Here’s how you could go about it.
» Change Your Mindset
You meet new people often and judge them, consciously or unconsciously. You are polite and cordial, but you will admit you don’t trust them enough. Most people adhere to the belief that trust is earned and not given. But keep in mind a new employee goes through a selection process. You might have interviewed that candidate and have had a hand in hiring. Your organization hired the best person for that position. You and your HR department most probably made the right choice.

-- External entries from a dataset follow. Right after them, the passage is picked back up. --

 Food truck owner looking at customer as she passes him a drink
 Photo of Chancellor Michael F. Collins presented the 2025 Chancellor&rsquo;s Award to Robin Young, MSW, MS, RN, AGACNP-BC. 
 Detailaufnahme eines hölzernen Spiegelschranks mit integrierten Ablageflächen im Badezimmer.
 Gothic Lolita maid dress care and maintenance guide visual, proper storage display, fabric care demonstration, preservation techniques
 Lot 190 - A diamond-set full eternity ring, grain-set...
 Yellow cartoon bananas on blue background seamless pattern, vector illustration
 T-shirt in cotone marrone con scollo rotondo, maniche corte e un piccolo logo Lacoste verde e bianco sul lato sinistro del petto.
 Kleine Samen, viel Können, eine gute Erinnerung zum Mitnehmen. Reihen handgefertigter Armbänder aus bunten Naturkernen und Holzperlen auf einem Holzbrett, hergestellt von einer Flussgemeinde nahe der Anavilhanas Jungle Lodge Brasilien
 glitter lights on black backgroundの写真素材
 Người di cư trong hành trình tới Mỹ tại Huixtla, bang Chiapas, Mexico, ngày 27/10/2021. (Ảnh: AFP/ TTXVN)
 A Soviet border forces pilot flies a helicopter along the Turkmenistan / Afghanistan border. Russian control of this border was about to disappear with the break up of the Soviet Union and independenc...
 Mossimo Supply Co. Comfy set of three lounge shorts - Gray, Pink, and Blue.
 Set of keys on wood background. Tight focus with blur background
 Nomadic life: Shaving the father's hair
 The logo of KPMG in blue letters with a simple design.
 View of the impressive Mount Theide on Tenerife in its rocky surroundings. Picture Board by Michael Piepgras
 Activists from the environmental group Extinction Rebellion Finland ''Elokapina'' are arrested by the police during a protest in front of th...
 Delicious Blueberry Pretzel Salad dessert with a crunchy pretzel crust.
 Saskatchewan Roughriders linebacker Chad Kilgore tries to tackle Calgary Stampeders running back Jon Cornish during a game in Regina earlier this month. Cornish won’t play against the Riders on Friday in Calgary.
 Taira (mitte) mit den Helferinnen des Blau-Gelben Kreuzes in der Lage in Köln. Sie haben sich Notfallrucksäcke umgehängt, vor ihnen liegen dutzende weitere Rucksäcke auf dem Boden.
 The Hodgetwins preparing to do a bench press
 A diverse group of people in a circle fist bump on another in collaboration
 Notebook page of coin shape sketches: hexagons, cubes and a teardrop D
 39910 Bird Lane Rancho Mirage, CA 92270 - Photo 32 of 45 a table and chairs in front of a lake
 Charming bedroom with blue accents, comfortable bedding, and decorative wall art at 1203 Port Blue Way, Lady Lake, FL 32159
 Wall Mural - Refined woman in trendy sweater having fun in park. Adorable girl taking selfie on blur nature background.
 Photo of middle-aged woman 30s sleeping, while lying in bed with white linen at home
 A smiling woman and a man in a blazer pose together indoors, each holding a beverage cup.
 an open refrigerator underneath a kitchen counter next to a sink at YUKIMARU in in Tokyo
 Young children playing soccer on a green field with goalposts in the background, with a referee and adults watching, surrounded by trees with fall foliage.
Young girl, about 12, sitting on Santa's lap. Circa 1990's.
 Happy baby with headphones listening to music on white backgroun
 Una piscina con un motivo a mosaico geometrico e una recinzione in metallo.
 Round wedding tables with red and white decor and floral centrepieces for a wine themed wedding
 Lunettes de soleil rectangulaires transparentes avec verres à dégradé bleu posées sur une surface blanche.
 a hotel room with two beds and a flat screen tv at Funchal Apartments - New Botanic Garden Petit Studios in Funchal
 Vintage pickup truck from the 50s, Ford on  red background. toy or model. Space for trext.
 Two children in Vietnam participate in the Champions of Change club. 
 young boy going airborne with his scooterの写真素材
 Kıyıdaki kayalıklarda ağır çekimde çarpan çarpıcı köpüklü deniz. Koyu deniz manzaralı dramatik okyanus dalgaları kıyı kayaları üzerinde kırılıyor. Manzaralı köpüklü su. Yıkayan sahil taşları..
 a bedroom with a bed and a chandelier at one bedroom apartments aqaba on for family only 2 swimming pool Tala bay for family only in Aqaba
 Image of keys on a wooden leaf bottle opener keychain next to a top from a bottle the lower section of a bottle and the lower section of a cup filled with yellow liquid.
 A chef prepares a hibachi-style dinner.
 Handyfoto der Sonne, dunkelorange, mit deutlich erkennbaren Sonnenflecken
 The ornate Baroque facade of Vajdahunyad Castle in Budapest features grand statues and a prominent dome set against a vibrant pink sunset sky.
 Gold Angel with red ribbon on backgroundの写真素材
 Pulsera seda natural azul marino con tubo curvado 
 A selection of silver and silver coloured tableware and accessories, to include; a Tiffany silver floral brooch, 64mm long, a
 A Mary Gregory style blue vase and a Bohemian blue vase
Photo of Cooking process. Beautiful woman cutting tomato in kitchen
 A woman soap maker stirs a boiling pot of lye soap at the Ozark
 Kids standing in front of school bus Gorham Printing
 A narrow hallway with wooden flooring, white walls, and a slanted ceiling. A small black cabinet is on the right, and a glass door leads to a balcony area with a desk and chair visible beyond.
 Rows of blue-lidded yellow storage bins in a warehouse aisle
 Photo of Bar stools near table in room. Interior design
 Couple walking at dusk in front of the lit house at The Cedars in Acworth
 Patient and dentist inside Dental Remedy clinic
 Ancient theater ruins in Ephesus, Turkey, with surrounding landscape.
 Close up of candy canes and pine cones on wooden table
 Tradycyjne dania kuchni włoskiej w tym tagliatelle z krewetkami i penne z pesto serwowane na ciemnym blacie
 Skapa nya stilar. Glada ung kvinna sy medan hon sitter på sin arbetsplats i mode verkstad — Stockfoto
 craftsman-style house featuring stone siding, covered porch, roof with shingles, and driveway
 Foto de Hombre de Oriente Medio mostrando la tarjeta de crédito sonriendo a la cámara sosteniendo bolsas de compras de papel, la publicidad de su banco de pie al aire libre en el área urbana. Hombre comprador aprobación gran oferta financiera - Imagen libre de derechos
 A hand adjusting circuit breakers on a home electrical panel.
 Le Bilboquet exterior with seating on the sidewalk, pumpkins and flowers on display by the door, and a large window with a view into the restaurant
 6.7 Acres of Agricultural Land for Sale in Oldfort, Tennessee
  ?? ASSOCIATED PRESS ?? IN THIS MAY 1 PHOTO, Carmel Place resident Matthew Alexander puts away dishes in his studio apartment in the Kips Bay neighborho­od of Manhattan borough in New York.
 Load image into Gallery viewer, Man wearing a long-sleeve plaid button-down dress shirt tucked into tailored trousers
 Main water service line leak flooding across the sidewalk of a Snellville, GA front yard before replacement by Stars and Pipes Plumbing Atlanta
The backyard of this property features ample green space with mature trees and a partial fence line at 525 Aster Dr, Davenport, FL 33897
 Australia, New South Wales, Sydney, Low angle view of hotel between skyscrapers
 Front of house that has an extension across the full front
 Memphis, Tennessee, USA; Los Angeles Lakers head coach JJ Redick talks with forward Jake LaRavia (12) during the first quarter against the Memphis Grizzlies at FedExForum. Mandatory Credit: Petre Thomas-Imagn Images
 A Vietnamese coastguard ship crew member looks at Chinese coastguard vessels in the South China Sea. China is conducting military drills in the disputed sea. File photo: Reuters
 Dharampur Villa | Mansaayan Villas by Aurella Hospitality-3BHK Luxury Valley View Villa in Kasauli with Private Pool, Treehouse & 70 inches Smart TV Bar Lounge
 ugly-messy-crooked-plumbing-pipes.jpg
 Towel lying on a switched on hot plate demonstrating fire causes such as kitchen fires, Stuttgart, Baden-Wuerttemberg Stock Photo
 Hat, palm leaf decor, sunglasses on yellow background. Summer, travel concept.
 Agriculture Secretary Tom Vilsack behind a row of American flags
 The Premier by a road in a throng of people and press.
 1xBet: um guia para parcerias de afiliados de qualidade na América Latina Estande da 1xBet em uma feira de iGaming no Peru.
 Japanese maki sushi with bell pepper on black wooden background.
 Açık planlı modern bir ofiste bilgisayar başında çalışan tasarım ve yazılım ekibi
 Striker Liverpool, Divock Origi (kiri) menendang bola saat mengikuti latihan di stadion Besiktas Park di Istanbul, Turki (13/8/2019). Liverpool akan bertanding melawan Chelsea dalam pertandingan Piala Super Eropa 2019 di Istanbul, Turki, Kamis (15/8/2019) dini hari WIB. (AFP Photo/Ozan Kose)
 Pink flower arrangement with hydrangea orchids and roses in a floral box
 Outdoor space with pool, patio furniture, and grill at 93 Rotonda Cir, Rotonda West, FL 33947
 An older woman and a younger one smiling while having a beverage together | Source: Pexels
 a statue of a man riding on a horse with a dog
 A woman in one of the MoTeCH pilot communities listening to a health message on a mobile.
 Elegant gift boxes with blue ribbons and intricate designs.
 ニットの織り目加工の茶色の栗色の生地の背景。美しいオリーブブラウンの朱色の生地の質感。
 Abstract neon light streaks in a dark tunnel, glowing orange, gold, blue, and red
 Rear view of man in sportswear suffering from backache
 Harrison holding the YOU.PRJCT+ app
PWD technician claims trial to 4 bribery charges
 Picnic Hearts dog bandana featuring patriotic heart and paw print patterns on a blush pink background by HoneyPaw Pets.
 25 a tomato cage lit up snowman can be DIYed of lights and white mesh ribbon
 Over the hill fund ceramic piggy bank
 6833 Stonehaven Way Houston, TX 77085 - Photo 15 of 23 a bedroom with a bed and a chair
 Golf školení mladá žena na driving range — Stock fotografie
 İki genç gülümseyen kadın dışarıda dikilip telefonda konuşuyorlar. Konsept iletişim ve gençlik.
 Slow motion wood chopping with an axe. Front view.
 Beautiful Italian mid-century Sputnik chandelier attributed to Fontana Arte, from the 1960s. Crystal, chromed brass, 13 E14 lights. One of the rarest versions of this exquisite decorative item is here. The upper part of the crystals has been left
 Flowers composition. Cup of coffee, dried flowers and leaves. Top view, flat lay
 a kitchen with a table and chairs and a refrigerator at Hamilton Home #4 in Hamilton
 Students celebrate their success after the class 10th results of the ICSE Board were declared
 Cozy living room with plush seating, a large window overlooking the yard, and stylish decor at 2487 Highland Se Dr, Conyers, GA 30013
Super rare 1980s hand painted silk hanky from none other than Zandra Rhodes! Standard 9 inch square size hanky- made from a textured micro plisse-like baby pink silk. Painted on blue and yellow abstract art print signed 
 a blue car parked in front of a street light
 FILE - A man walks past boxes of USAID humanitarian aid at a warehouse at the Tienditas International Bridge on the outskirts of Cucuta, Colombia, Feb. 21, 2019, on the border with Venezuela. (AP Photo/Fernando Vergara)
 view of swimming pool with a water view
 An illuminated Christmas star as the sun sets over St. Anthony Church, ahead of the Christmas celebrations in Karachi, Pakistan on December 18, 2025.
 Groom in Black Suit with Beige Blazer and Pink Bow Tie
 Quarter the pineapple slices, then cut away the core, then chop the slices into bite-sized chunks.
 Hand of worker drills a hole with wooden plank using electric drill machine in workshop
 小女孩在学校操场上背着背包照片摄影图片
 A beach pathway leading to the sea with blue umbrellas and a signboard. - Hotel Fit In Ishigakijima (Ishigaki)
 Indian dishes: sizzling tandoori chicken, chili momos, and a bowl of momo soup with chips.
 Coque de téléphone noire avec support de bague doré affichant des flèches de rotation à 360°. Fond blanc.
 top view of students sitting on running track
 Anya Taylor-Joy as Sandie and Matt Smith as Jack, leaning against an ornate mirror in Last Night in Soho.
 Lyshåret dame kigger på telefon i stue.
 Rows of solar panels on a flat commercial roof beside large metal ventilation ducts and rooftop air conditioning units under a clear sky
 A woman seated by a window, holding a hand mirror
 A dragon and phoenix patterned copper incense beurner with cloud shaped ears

Thus, isn’t it better to be more trusting of that new employee? As people grow older, they become more cautious of others. Of course, one should not trust a stranger in a dark alley. But the workplace is different as employees aren’t strangers. Leaders should continue showing confidence in them unless they have behaved negatively.
» Trust even when Unsure
How often have you wondered if a new hire can handle something difficult? After weighing the pros and cons, you realize there’s only one way to find out – assign that task to that person. This situation can be difficult for many as nobody can foresee future results. But, as a leader, you must take risks and break the mold. Show confidence in capable though untested people. Remain consistent and often, you’ll realize that your trust isn’t unfounded.
» There’s no Middle Ground
In many organizations, leaders have a wait-and-see attitude. Employees must prove their worth before they’re given more responsibilities or information. It’s different where a culture of trust exists. Managers have no qualms about delegating tasks and are confident employees will make the right decisions. Leaders share information with everyone, so there’s no room for rumors. It’s no surprise these organizations perform better than others.
Keep in mind that it starts from the top and as a leader, this means giving instead of withholding trust. Take the first step and show your employees they are trustworthy.